CI uses both mold and sccache (see .github/workflows/ci.yml).

Running a dev stack

just dev               # full native dev stack (admin + both frontends + grafana/prometheus)
just dev-frontend            # all frontends (editor 7300, admin 7400, lawmaking 7500), no observability
just dev-frontend editor     # just the editor (editor-api + editor UI + DB)
just dev-frontend admin      # just the admin API + admin UI + DB
just dev-frontend lawmaking  # just the lawmaking UI (no backend)
just dev-down          # stop whichever of the above is running

dev-frontend with no argument starts every frontend; pass editor, admin, or lawmaking to start just one. Either way it starts only the components those frontends need — no grafana, prometheus, or workers. The editor runs with real SSO against the central Keycloak, so it needs .env.sso-local (copy .env.sso-local.example). It and just dev are mutually exclusive (they share .dev-pids and ports) — run one at a time.

Vite ports default to 7300/7400/7500 (overridable via EDITOR_PORT / ADMIN_FE_PORT / LAWMAKING_PORT).

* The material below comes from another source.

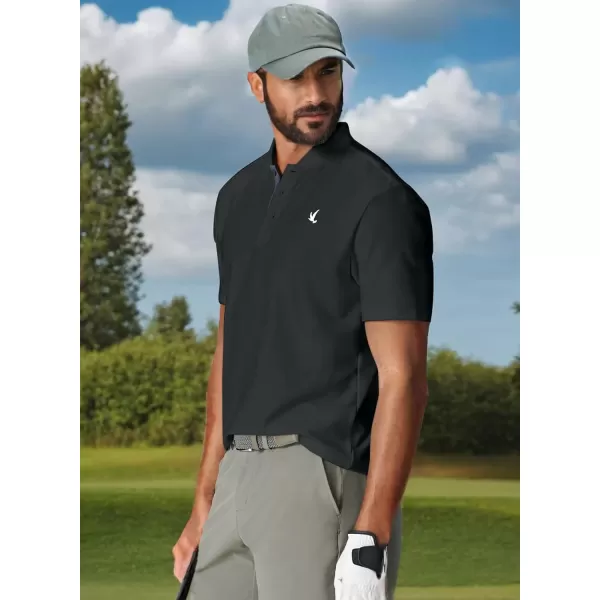 JMIERR Men's Polo Henley Shirt Moisture Wicking Quick Dry Summer Casual Short Sleeve Golf Polo T Shirts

When a native backend can't reach Postgres on localhost (e.g. a WSL2/Docker-Desktop dev container, where Postgres is published on the Docker host), point it at host.docker.internal: for the admin / just dev paths set DB_HOST=host.docker.internal in .env; for the editor that host comes from DATABASE_URL in .env.sso-local (the .env.sso-local.example already uses host.docker.internal).

See the docs site for full development instructions.